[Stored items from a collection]
↓↓↓
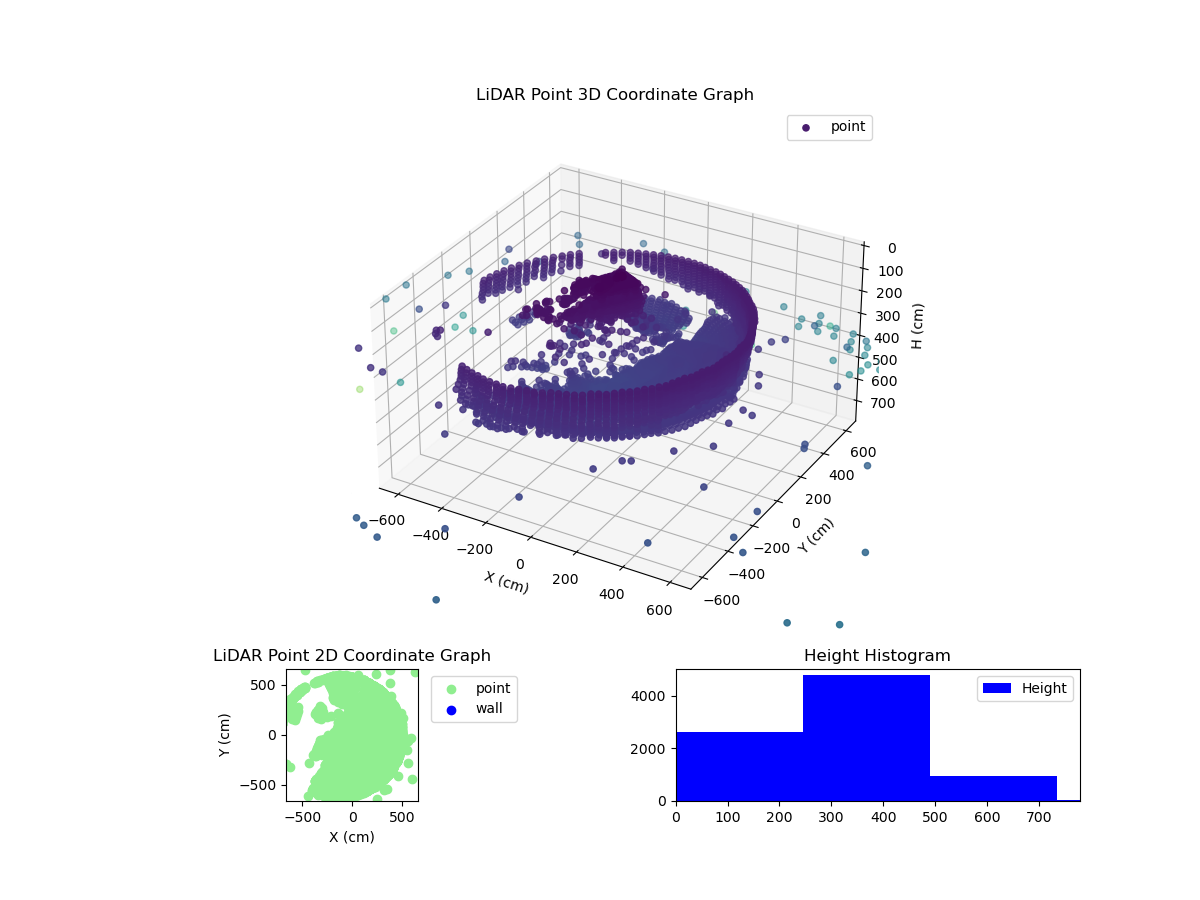 3D Plot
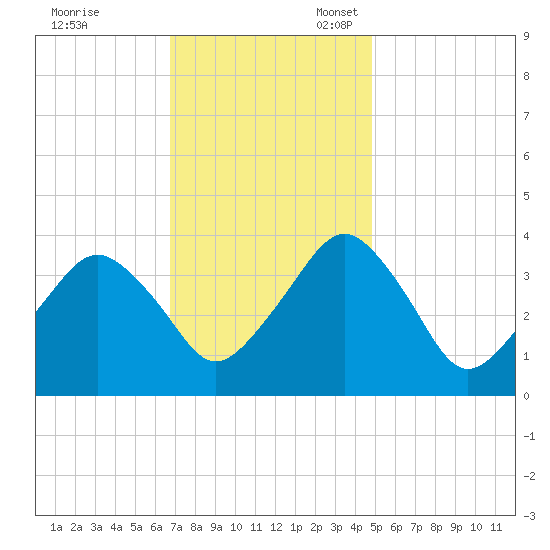 Revel Island tide chart for Friday, November 18, 2022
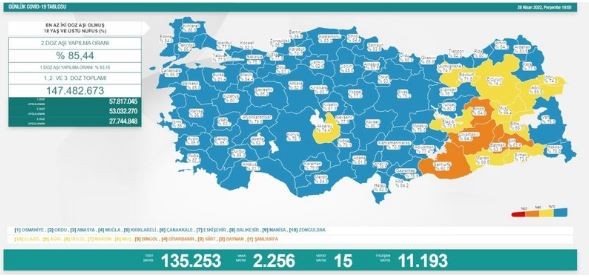 Sağlık Bakanlığı 28 Nisan vaka tablosu açıklandı!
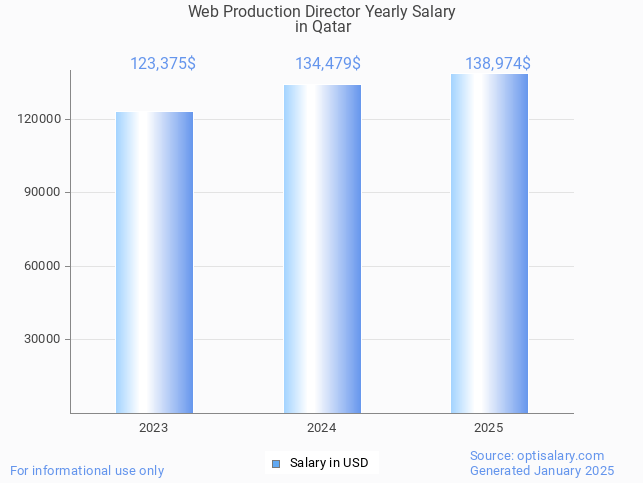 web production director salary in qatar 2025 web production director salary in qatar 2025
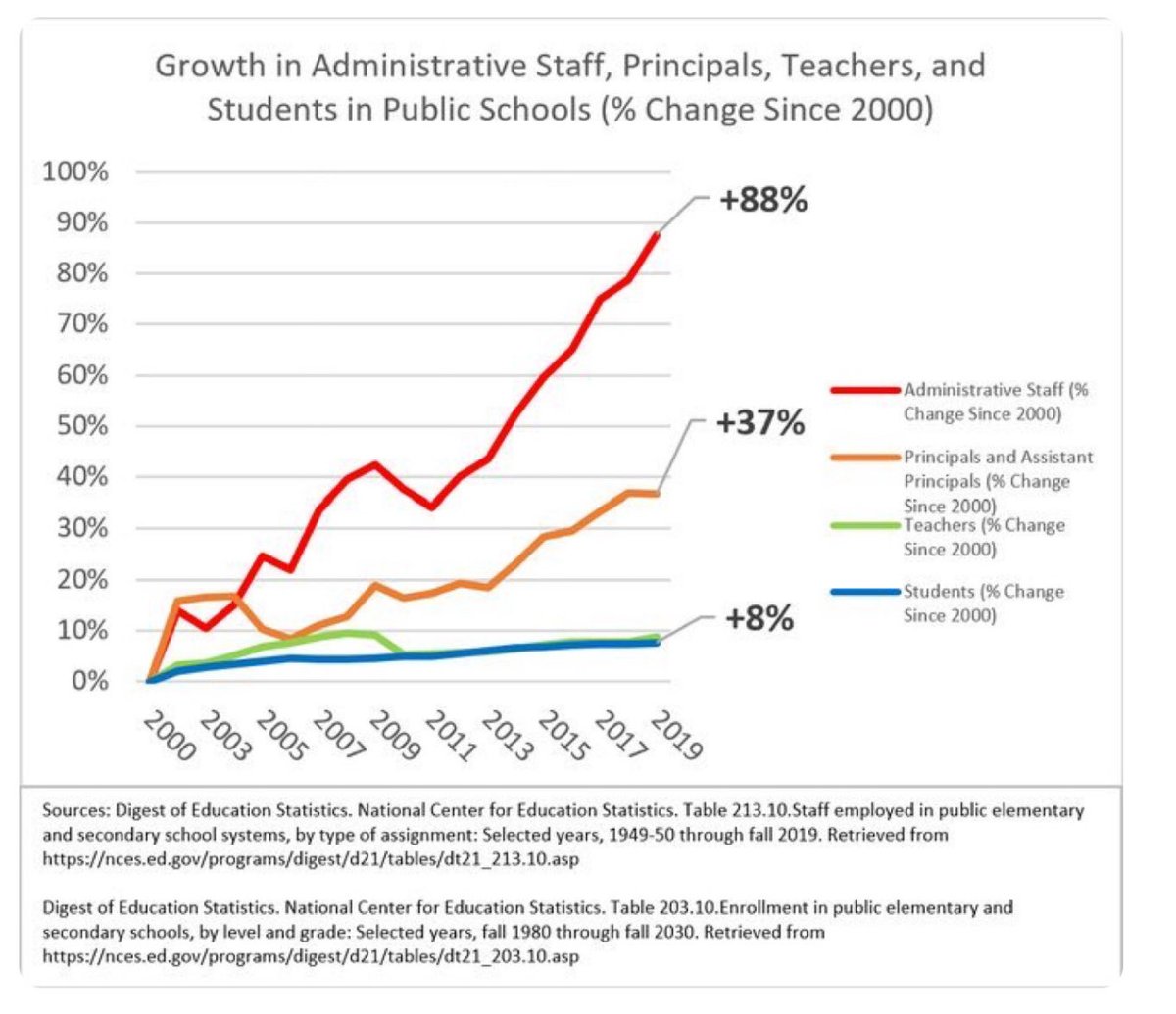 design82854's tweet photo. @j_fishback I agree with Elon: the traditional classroom is an outmoded model of education.  
40% of Florida students are below grade level. And check this out, administrative growth outpaces growth in students &amp; teachers. We are forced to pay property taxes to fund failure. https://t.co/IEORzFRDv4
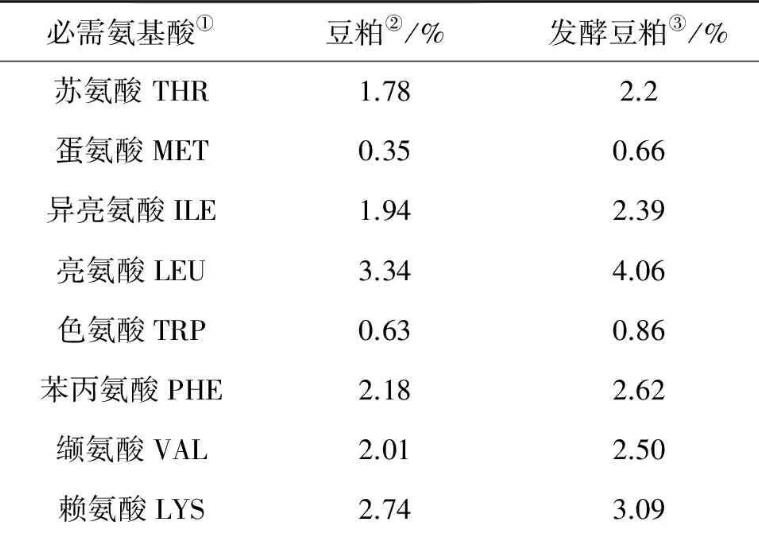 高效降解豆粕碳水化合物和蛋白的菌株篩選及發(fā)酵條件優(yōu)化（三）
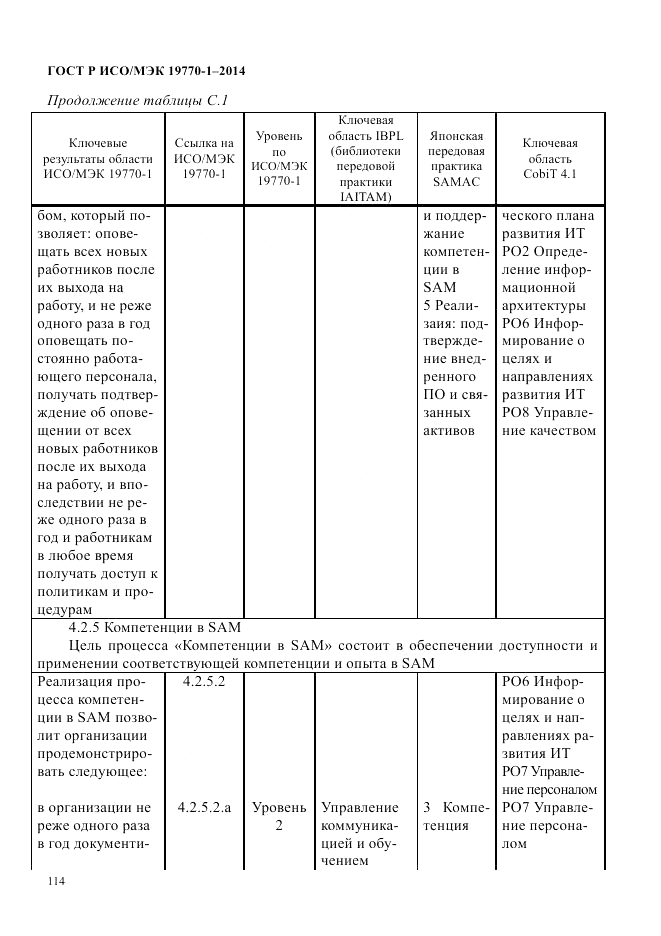 ГОСТ Р ИСО/МЭК 19770-1-2014, страница 125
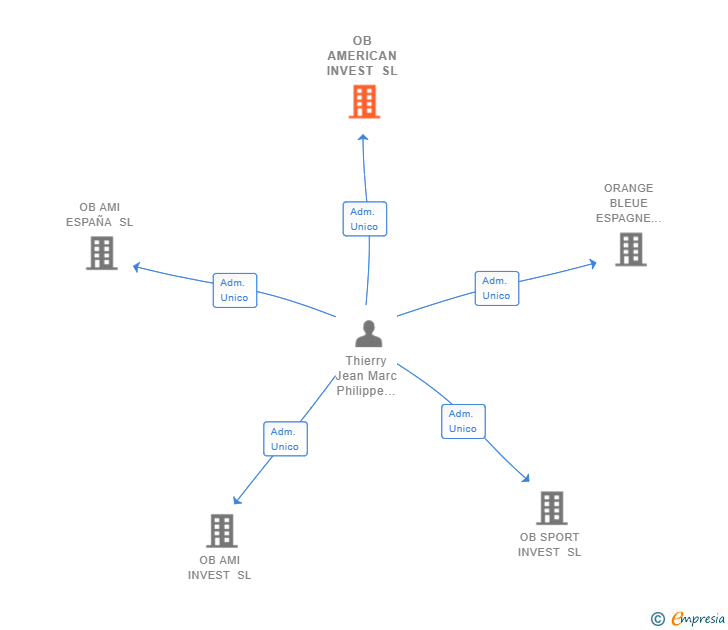 Vinculaciones societarias de OB AMERICAN INVEST SL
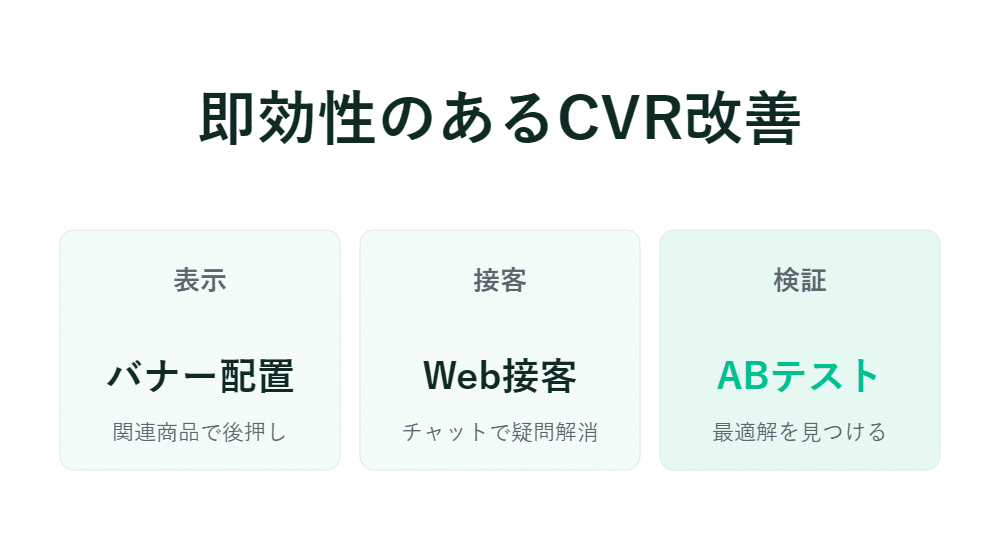 即効性のあるCVR改善：日本語インフォグラフィック、バナー配置、Web接客、ABテストの3つの解説付き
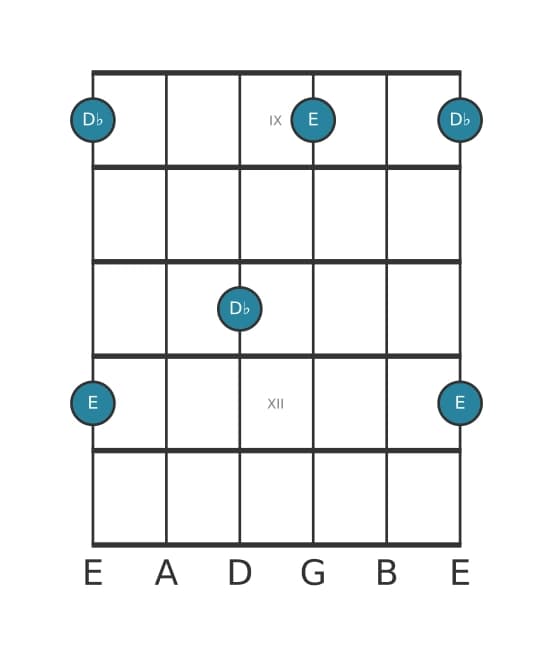 Guitar interval diagram for Diminished seventh in position 8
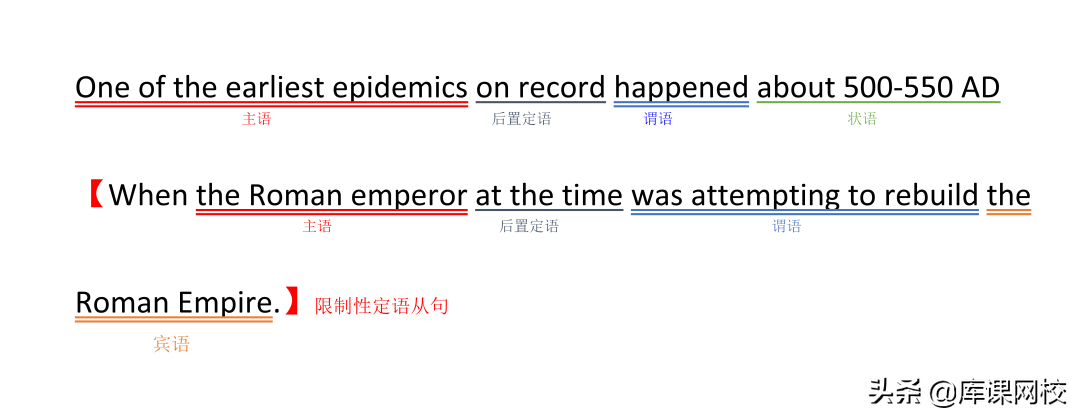 現在進行時的句子有哪些（現在進行時的句子100道）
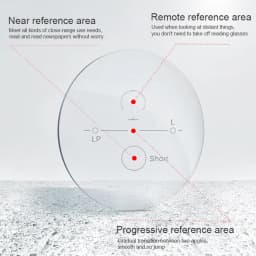 CLLOIO Progressive Multifocal Lenses 1.56 1.61 1.67 1.74 Anti Blue Light HD Bifocal Optical Prescription Myopia Hyperopia Lens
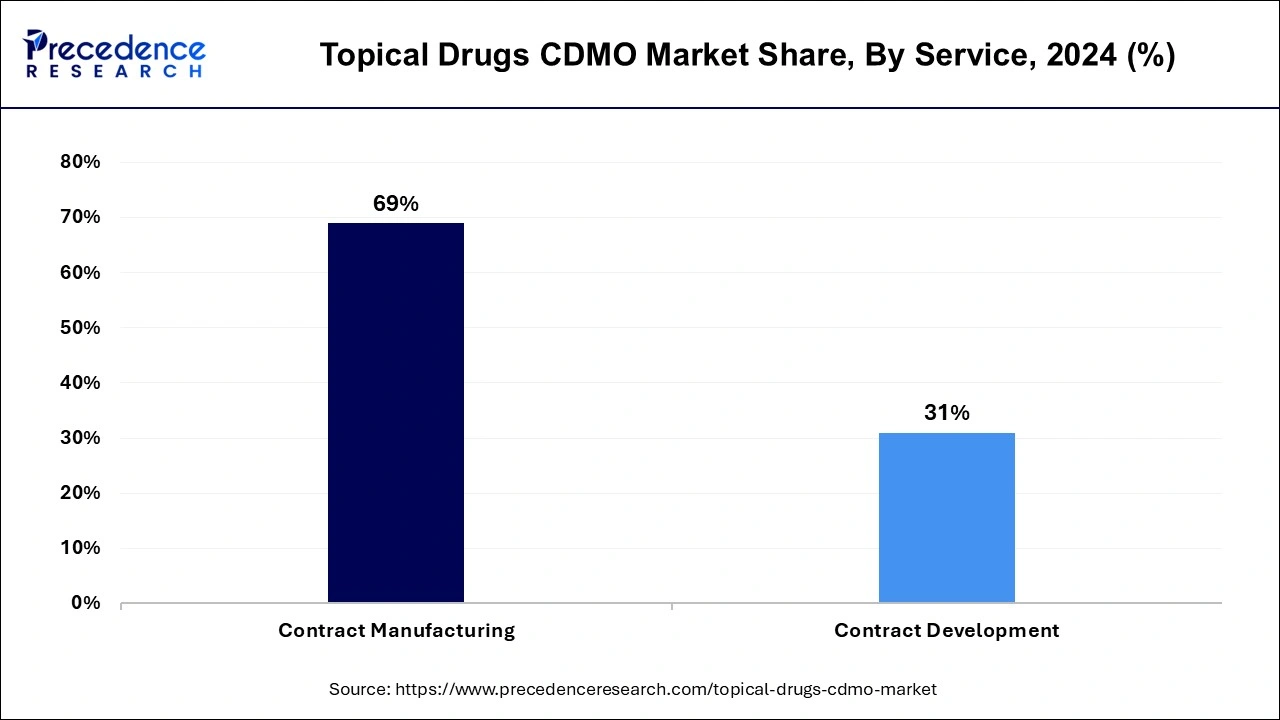 Topical Drugs CDMO Market Share, By Service, 2024 (%)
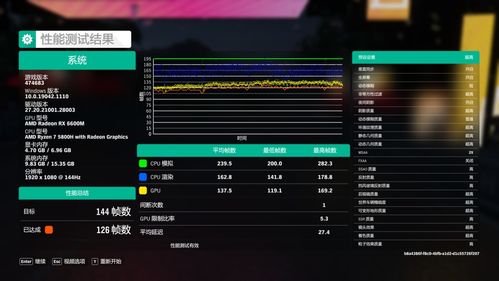 游戏基准,游戏基准下的硬件实力大比拼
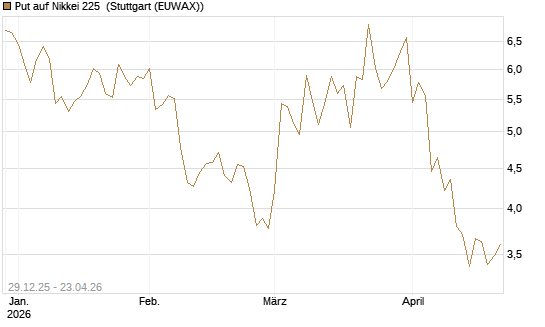 Put auf Nikkei 225 [Vontobel] Chart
↑↑↑
WHAT YOU ARE ASKED TO DO - To answer, repeat exactly the lines from the line containing "Revel Island tide" through the last line of the data above, leaving out all pictures.

SOLUTION FOR THIS EXERCISE -
 Revel Island tide chart for Friday, November 18, 2022
 Sağlık Bakanlığı 28 Nisan vaka tablosu açıklandı!
 web production director salary in qatar 2025 web production director salary in qatar 2025
 design82854's tweet photo. @j_fishback I agree with Elon: the traditional classroom is an outmoded model of education.  
40% of Florida students are below grade level. And check this out, administrative growth outpaces growth in students &amp; teachers. We are forced to pay property taxes to fund failure. https://t.co/IEORzFRDv4
 高效降解豆粕碳水化合物和蛋白的菌株篩選及發(fā)酵條件優(yōu)化（三）
 ГОСТ Р ИСО/МЭК 19770-1-2014, страница 125
 Vinculaciones societarias de OB AMERICAN INVEST SL
 即効性のあるCVR改善：日本語インフォグラフィック、バナー配置、Web接客、ABテストの3つの解説付き
 Guitar interval diagram for Diminished seventh in position 8
 現在進行時的句子有哪些（現在進行時的句子100道）
 CLLOIO Progressive Multifocal Lenses 1.56 1.61 1.67 1.74 Anti Blue Light HD Bifocal Optical Prescription Myopia Hyperopia Lens
 Topical Drugs CDMO Market Share, By Service, 2024 (%)
 游戏基准,游戏基准下的硬件实力大比拼
 Put auf Nikkei 225 [Vontobel] Chart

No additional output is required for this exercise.